J. Mark Iwry, Nonresident Senior Fellow, The Brookings Institution

J. Mark Iwry, Nonresident Senior Fellow, The Brookings Institution

Mark ❤ Iwry’s bio runs long and deep. He served as Senior Advisor to the Secretary of the Treasury from 2009 to January 2017, and served concurrently as the Treasury Department’s Deputy Assistant Secretary for Retirement and Health Policy.  His portfolio included pensions/retirement (DB and DC/401(k) plans, IRAs, etc.) and national savings policy; related tax policy and other tax and legal aspects; legislative and regulatory implementation of the Affordable Care Act, and other health policy; other employee benefits and compensation, and related legislative, policymaking, and rulemaking responsibilities.

Currently a Nonresident Senior Fellow at the Brookings Institution and a Visiting Scholar at the Wharton School at the University of Pennsylvania, Mark is the originator or co-author of the Saver’s Credit, the SIMPLE IRA, the startup tax credit for small business, the QLAC, auto rollovers, direct deposit and splitting of tax refunds in IRAs and savings bonds, the automatic IRA proposal (with David John), and various other reforms and innovations, including the nationwide movement to involve the states in promoting retirement savings through auto-enrollment of uncovered citizens in private-sector IRAs. 

While in government, Mark also spearheaded the initiative to define, approve, and promote the practice of automatic enrollment in 401(k)s and similar plans, which laid the groundwork for automatic escalation, default investment in QDIAs, default rollovers and retirement income, and, in later years, the federal and state auto IRAs.
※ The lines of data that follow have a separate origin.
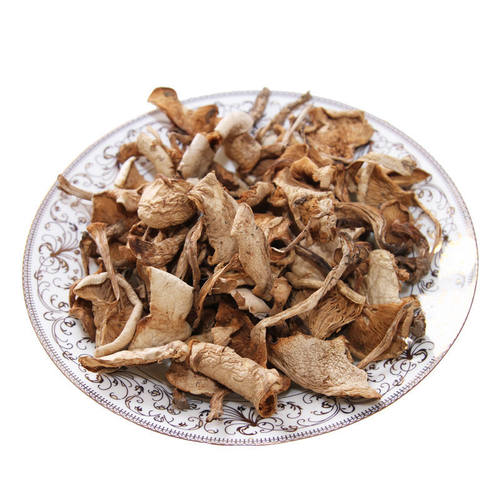 野生台蘑蘑菇蘑菇野生菌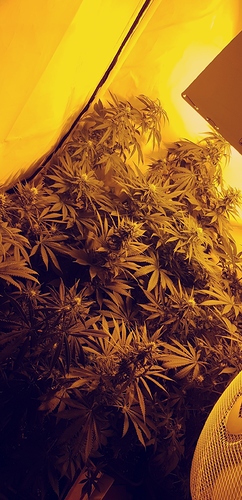 Growreport Bild 2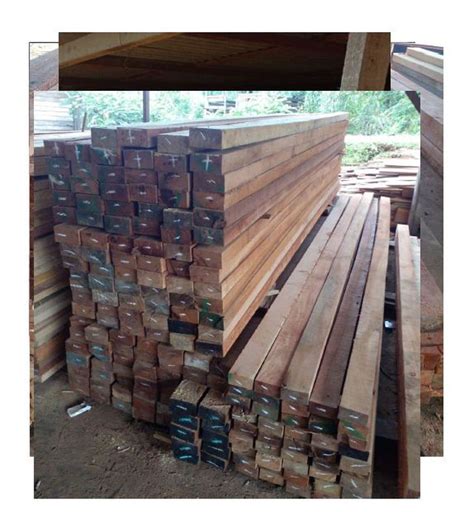 harga-kayu-kempas-per-batang harga kayu kempas per batang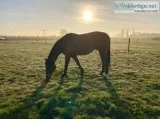 Horses For Sale in Lincolnshire  Kruger Equestrian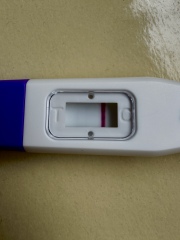 Confusing results from an early pregnancy test and Clearblue follow-up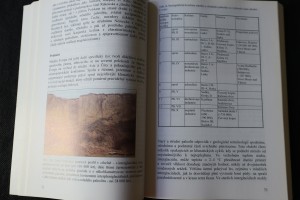 náhled knihy - 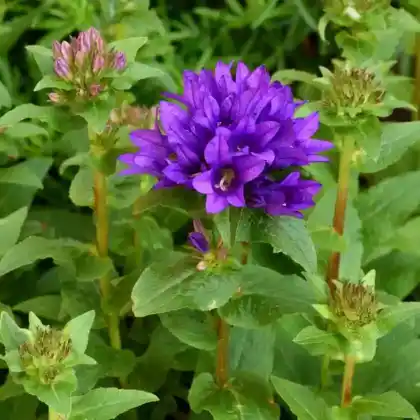 Foto von Knäuel-Glockenblume (Campanula glomerata)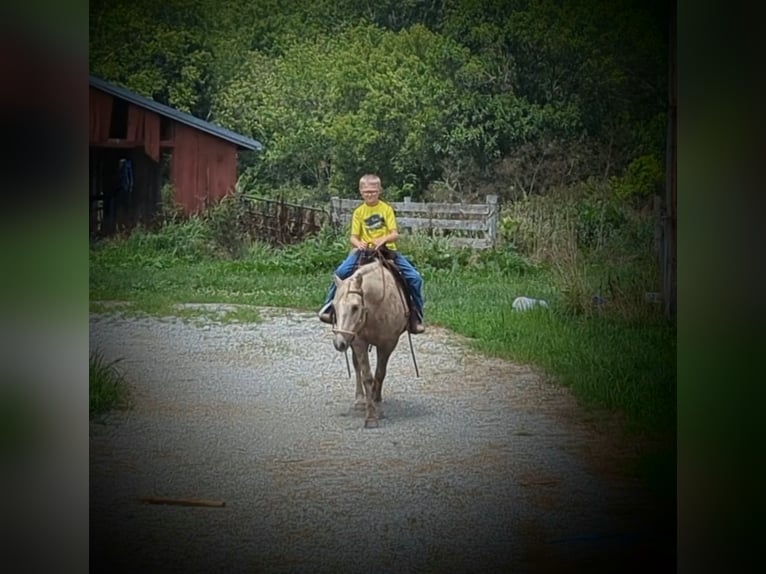 American Quarter Horse Giumenta 14 Anni 127 cm Palomino in WINCHESTER kY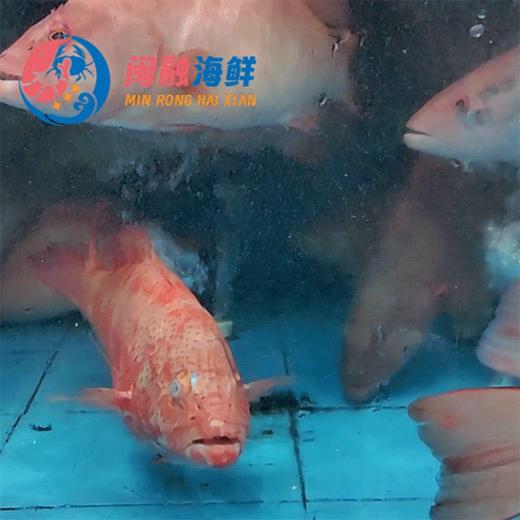 鲜活东星斑 /条 商品图0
We talk about how the auto enrollment concept first came to light and started to take root. Twists and turns ahead!

Mark, how did the “automatic” enrollment movement in retirement readiness begin?
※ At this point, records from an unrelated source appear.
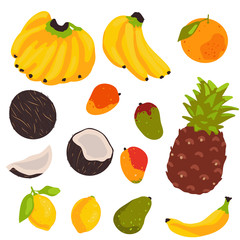 tropical fruit collection isolated on white background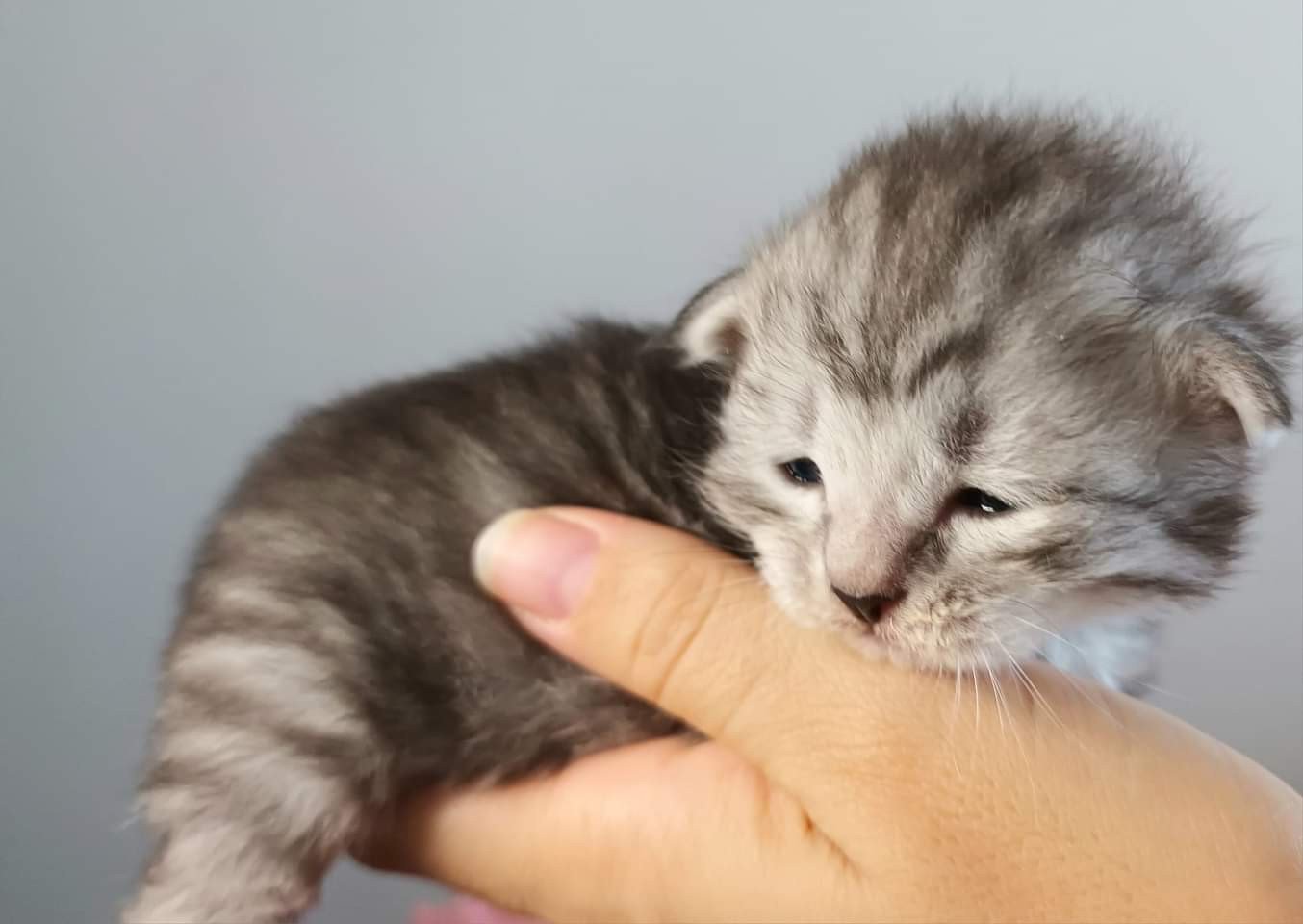 chaton Sibérien black silver mackerel tabby Ursul Deschachou 1359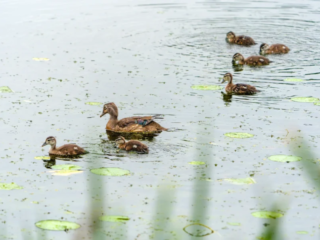A group of ducks, including ducklings, swim on a pond with lily pads and floating vegetation. A group of ducks, including ducklings, swim on a pond with lily pads and floating vegetation.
In 1997, while I was at the US Treasury Department with responsibility for overseeing national retirement policy and the regulation of pensions, 401(k)s, and other tax-qualified plans, an obscure legal question arose.  Could 401(k) plans put people into the plan without the employees signing up so long as they could opt out if they wanted to?  Could a 401(k) impose this kind of “negative election”?  
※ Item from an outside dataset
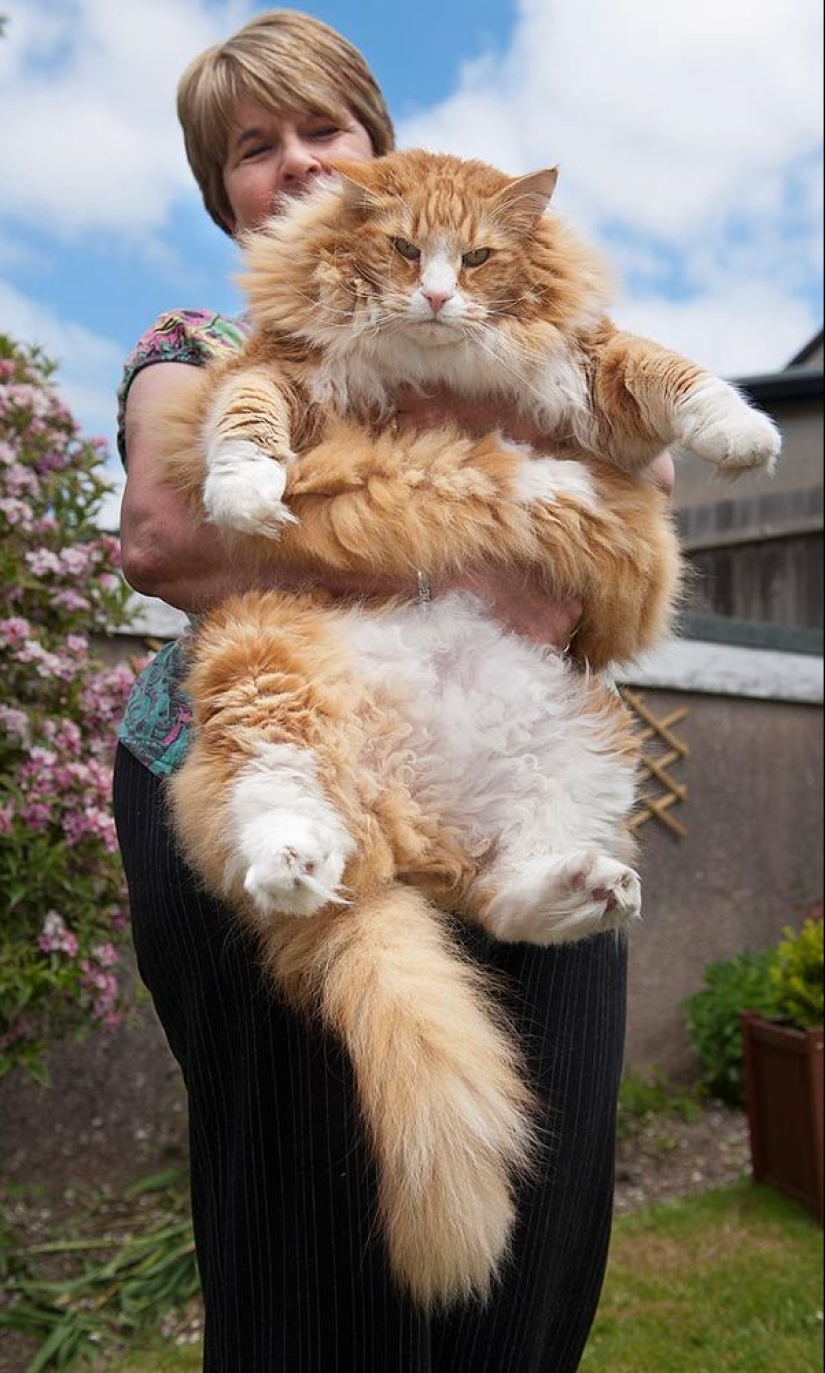 16 Maine Coon, compared with which your cat will look tiny 16 Maine Coon, compared with which your cat will look tiny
Most people were unaware of this question, although we heard there actually were a couple of companies using these negative elections in 1997.  It was definitely a gray area: people who heard about it tended to be surprised and to wonder whether it was even legal.

It's always a gray area when you do it for the first time, isn't it!

Yes, like lots of things. So when this somewhat esoteric question came to our attention, I remember thinking: Really, how much does this matter?  Is there anybody who actually wants to do this? I also wasn’t sure we would have the time or bandwidth to deal with that sort of a side question.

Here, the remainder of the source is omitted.